Basketball fans rejoice! Footage of Wilt Chamberlain’s historic 100-point game might actually exist. according to the head basketball coach of the University of Memphis.
If true, this would be a remarkable find indeed. For years, basketball fans, myself included, have been wondering if we would ever be able to see the way Wilt dominated on this historic night in Hershey.
Josh Pastner, the University of Memphis’ head basketball coached teased that his father helped to video Chamberlain’s single-game scoring record effort for the Philadelphia Warriors against the New York Knicks on March 2, 1962.
The Warriors eventually won the encounter 169-147, in a game that also broke the record for the most combined points total in a match too.
CSNPhilly.com’s Nick Menta has revealed that Pastner’s father was the ball boy for the 76ers, and he made the startling claim after the Memphis Tigers’ 79-69 win over Temple on Saturday.

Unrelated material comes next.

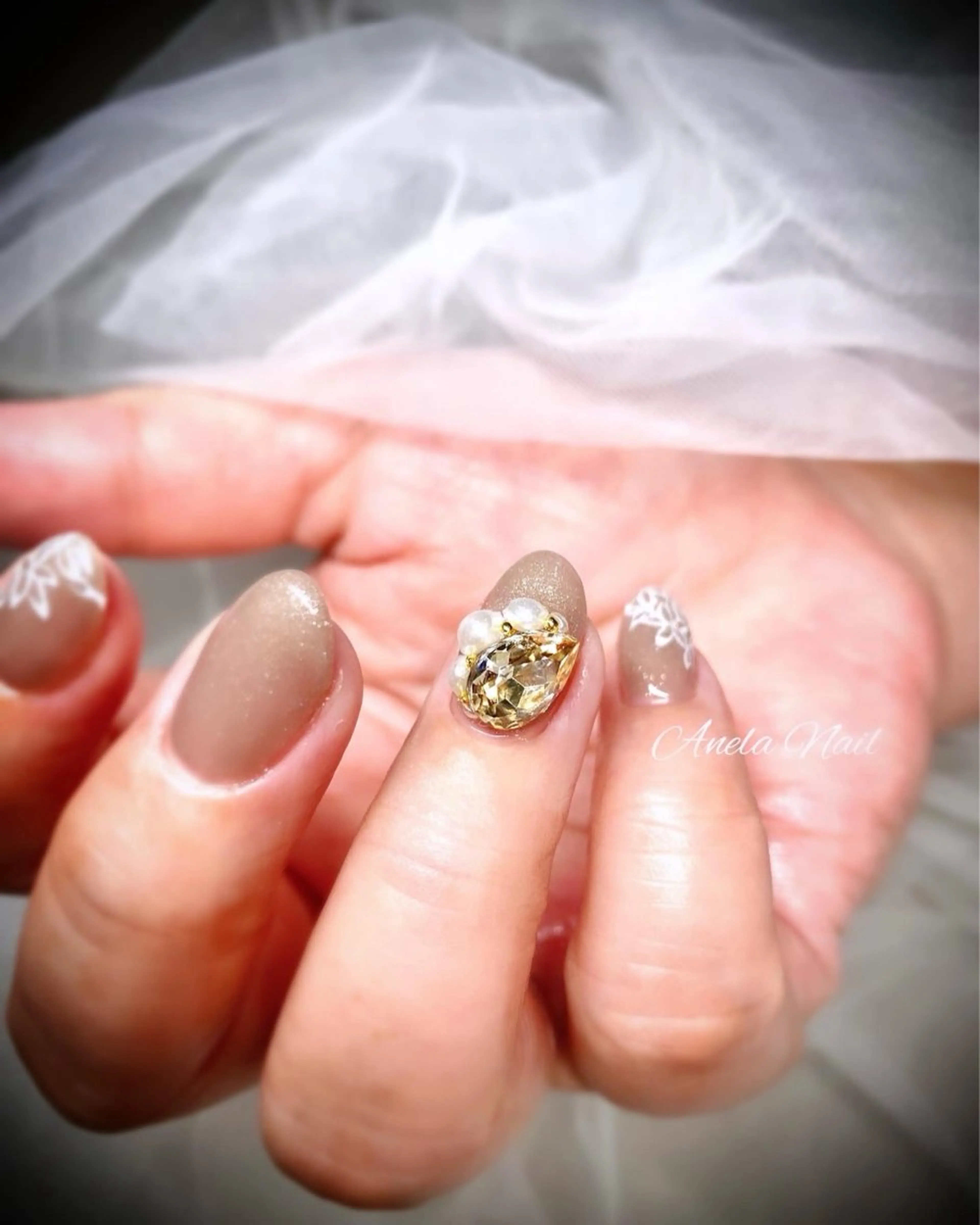 ネイル アートネイル ハンドネイル Anela Nailのネイルデザイン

Pastner stated, “My father and [Chamberlain’s] father taped the game reel-to-reel in the second quarter when it was in Hershey, Pennsylvania in the 100-point game. They started when he had like 30-something; they thought it was going to be a special night. They gave it to Wilt, the 100-point game, and Wilt gave it back to my dad and my dad’s dad. He gave it back to them, they boxed it up, and he’s still trying to find it.”

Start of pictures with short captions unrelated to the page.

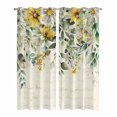 thumbnail image 1 of Kitchen Curtains 84 Inch Length 2 Panels, Flowers Eucalyptus Grommets Window Treatment Curtain, Vintage Botanical Floral Leaves Thermal Curtains Drapes for Living Room/Bathroom, 1 of 9
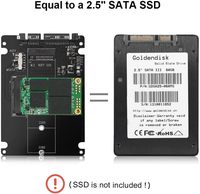Adaptador MSATA a SATA, Tarjeta Adaptadora de SSD M.2 SATA a SATA, Convertidor MSATA M.2 NGFF a USB para MSATA+M.2 2 en 1, Adaptador para SSD/HDD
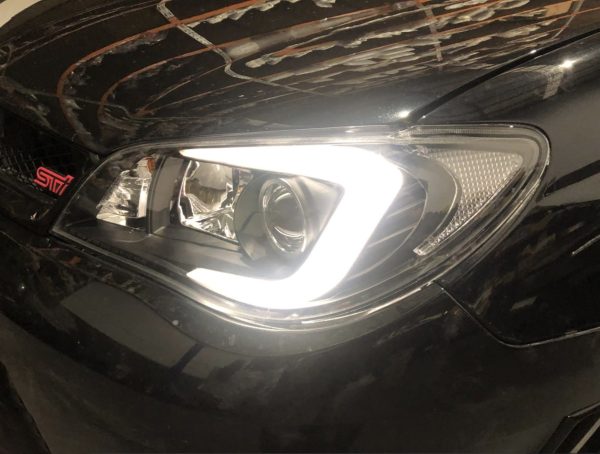 LED 3D Stripe DRL Projector HeadLights for 05-07 Subaru Impreza WRX GD HID TYPE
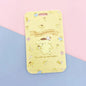 Kawaii Sanrio Cinnamoroll My Melody Anime Keychain Pendant Purin Dog Cat Cute Card Holder Plastic Lanyard Card Holders for Girl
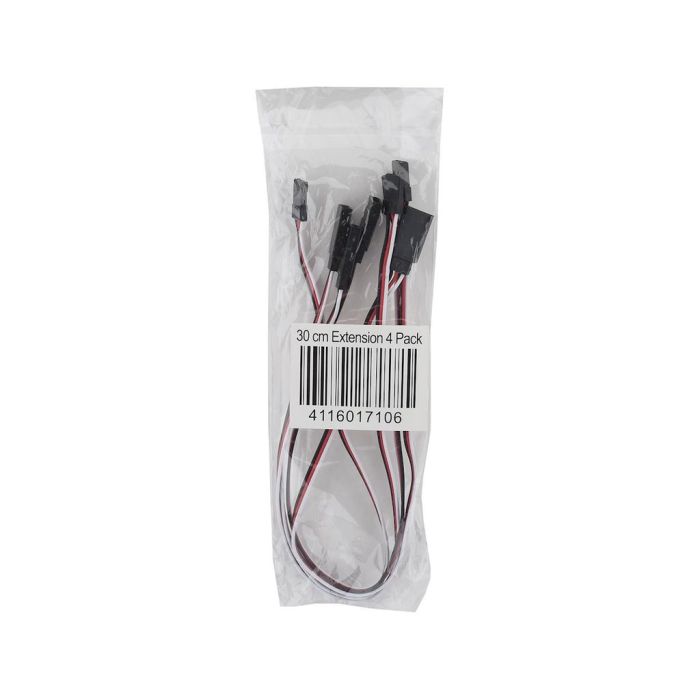 Flite Test 30cm Servo Extension Wires Cables (4 pcs) For RC Aircraft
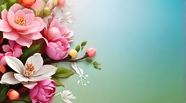 唯美粉色意境清新花卉背景图片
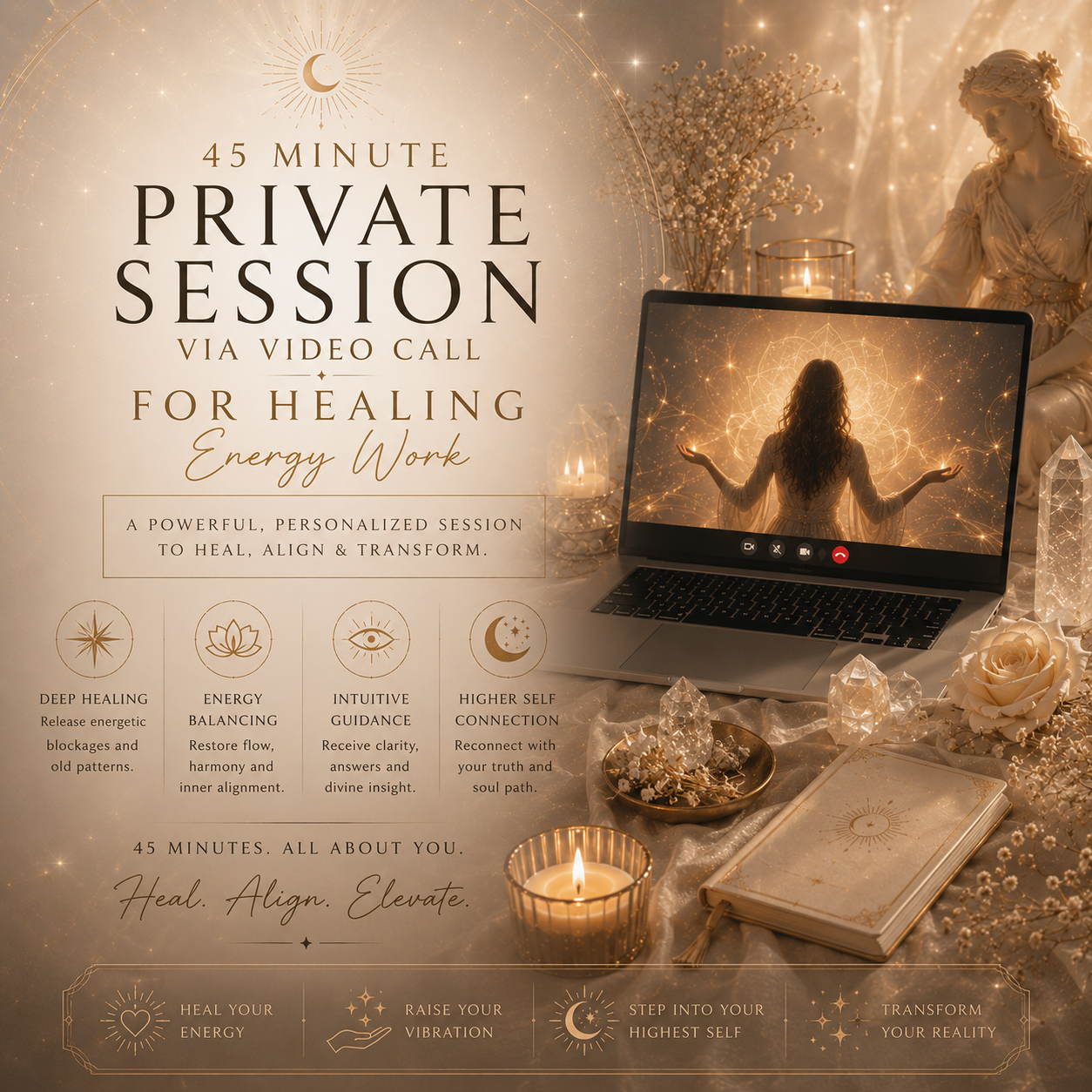45 Minute Private Video Session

But that’s not the only priceless Chamberlain memorabilia that the Pastner family has possessed. “He’s got all kinds of boxes, and he doesn’t know if he lost it. He’s trying to find the sucker…. I mean he’s got jerseys of Wilt, pictures,” he revealed.
Pastner also discussed how close his father was with Chamberlain, and he also explained that the basketball legend believed that someone was trying to kill him.
“My father was the ball boy for the 76ers for many, many years, and he and Wilt Chamberlain were very close…. And Wilt Chamberlain always felt somebody was trying to get him on timeouts with assassination through drinking. And he drank 7-Up or Sprite, one of the two. And my dad always had to taste it before Wilt,” he noted.
“He made my father drink it before [he] would taste it to make sure my dad didn’t conk out,” Pastner continued. “But Wilt took care of my father. They always went around. Like my dad said, he never had a front seat; Wilt sat in the back when he was driving because his legs were so long.”
Chamberlain is widely regarded as one of the best basketball players of all time. During his illustrious career he made 13 All-Star appearances, won four MVP awards, and was on the All-NBA First Team seven times. He also collected two NBA championships with the Philadelphia 76ers and Los Angeles Lakers in 1967 and 1972 respectively.